There’s definitely something anachronistic about it stylistically — this show doesn’t normally use syncopated, rhythmic cutting — but it infuses a depressing state of affairs (from Samwell’s perspective, anyway) with whimsy. Game of Thrones has always liked to poke fun at Samwell’s plight, but his indomitable goodwill usually wins out. That’s what happens here, as well, when he eventually discovers the location of some dragonglass that could help Jon Snow with his weapons problem.
Tasha: Edgar Wright is a good point of comparison. Having watched Baby Driver, I half expected song lyrics to start popping up behind Samwell’s head as the chamberpots piled up.
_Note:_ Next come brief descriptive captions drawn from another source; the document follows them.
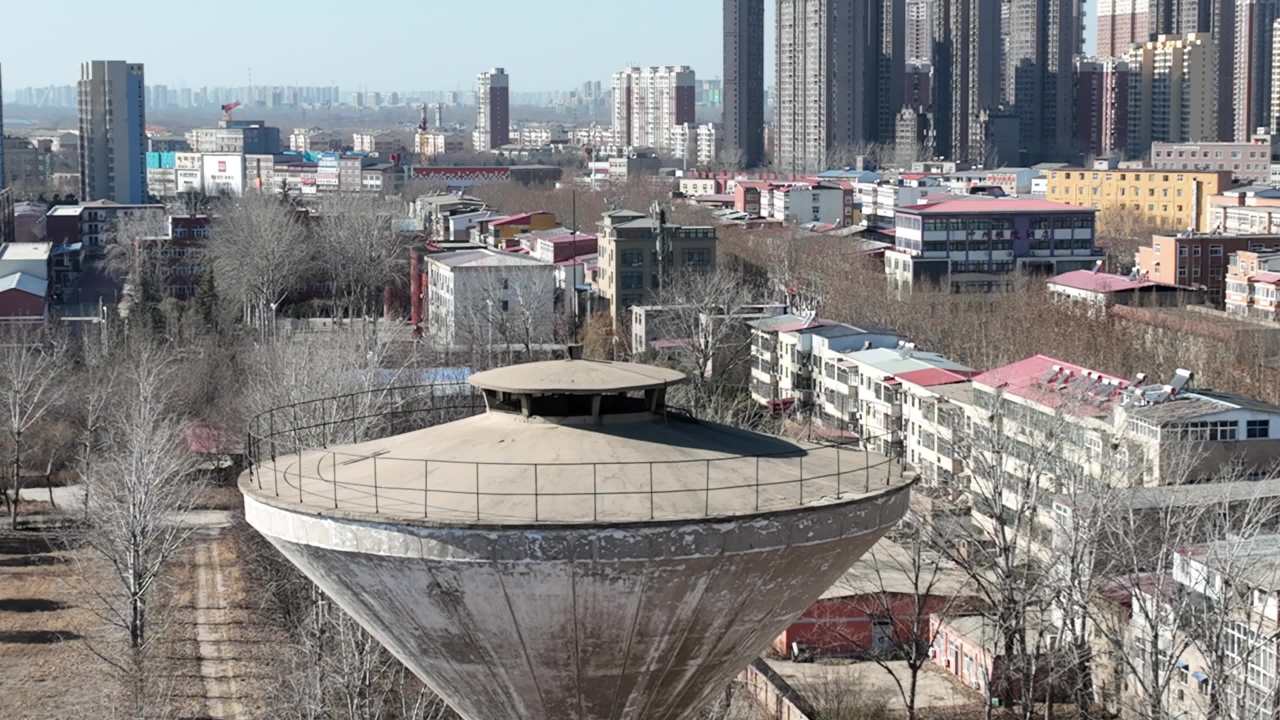 城市水塔与住宅区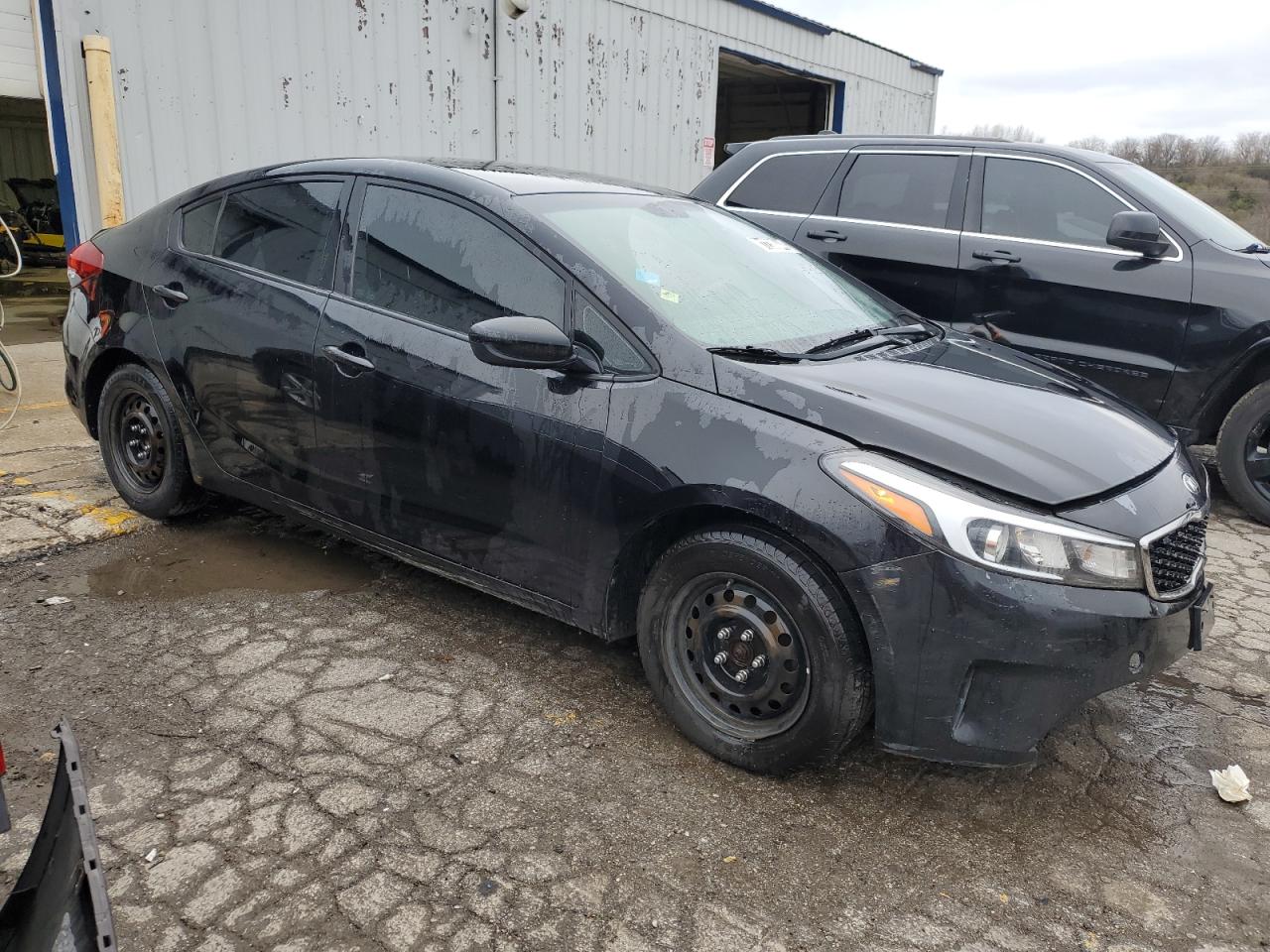 VIN 3KPFL4A78JE190465 2018 KIA FORTE no.4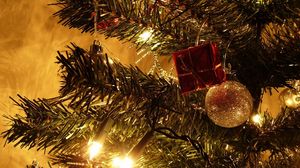 Preview wallpaper christmas decorations, christmas tree, garland, gift, holiday, mood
It’s a really morbid piece of humor to have the food and the post-food waste products looking so much alike, and to keep returning to Samwell’s gorge rising over and over, proving that pouring out liquid shit doesn’t get any easier over time. And how typical of Samwell that he doesn’t protest about any of it, apart from his eagerness to help Jon. (And that protest is delivered to Jim Broadbent, always a bonus in any on-screen entertainment.)
I think this scene feels odd not because of the unusual editing, but because it’s the rarest thing in Game of Thrones — an extended comedy sequence. It’s not just a mordant joke or a grim chuckle, but several minutes of hilarious awfulness. We’re just not used to finding anything in Game of Thrones funny for more than a second, and it’s a welcome shift.
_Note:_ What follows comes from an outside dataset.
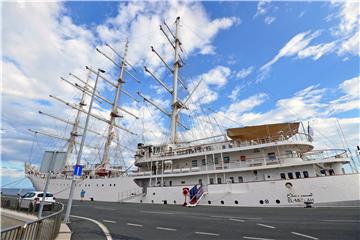 Algerian El-Mellah training sailing ship docks in Split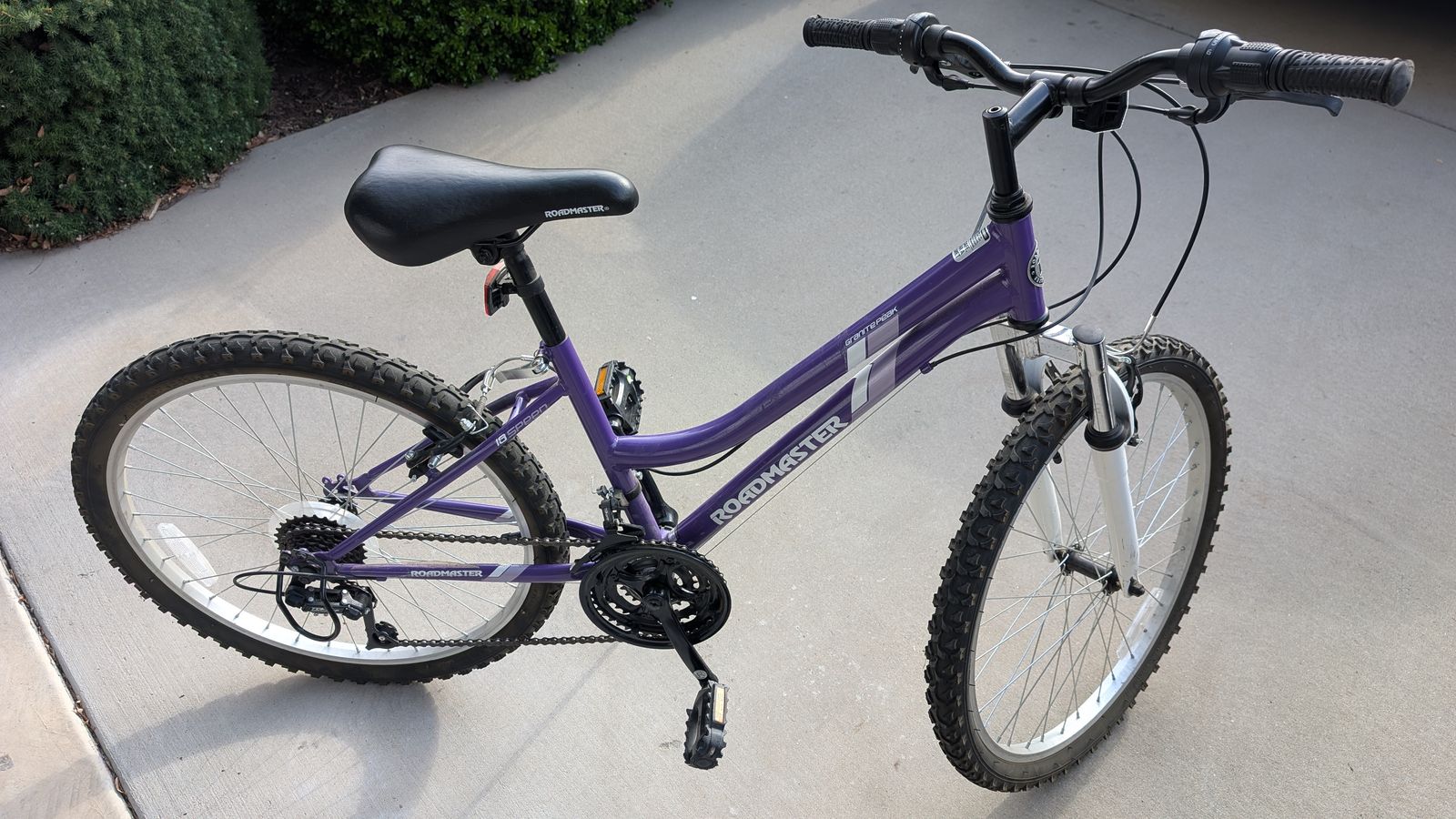 Roadmaster Granite Peak 24" Girls/Youth Mountain Bike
Bonus scene: Mormont lives!
Bryan: I’m going to come clean: I am on Team Jorah, and I have been on Team Jorah from the very beginning. Despite some compromises he made along the way, Jorah Mormont has otherwise been one of the show’s few moral constants. So I was more than a little upset when he caught a bad case of greyscale. I was even more upset when Daenerys learned about his treachery, and sent him away. She told him to find a cure, giving the most optimistic audience members the hope that maybe he’d come out of this unscathed. But I’d watched the previous six seasons of the show, so I assumed he was all but done for.
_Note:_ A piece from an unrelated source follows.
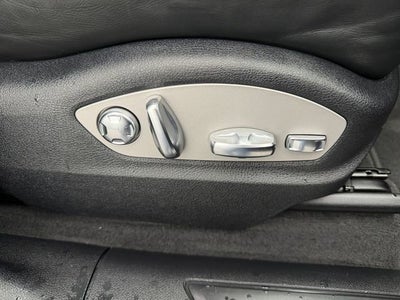 2022 Porsche Macan Base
So imagine my glee toward the end of the episode, as Samwell gathers bowls from a series of imprisoned men, only to have one greyscaled hand claw a bowl away, sending it clattering to the floor. There isn’t much to let us know it’s Jorah — just Iain Glen’s sharp silhouette, and his unmistakable voice, asking if the Dragon Queen has arrived. But that’s all I personally need for now. Ser Jorah Mormont may not survive, and he may never see Daenerys again… but he is alive.
Tasha: Hooray for him, I guess? I’m glad you enjoy your Jorah fandom, but to me, he’s the medieval embodiment of Nice Guy Syndrome. “Why don’t you love me? I eventually stopped betraying you! I’ve been loyal to you ever since I realized I want to bang you! Doesn’t that mean I deserve to be with you?” Favor-sharking isn’t limited to our era, and Jorah’s a premium-catch turncoat favor-shark who got caught and got what he deserved. Let him rot in that cell, sez I.
Update July 17th, 3:55PM ET: A previous version of this story stated that the episode “Hardhome” had been directed by Jeremy Podeswa; it was actually Miguel Sapochnik. We regret the error.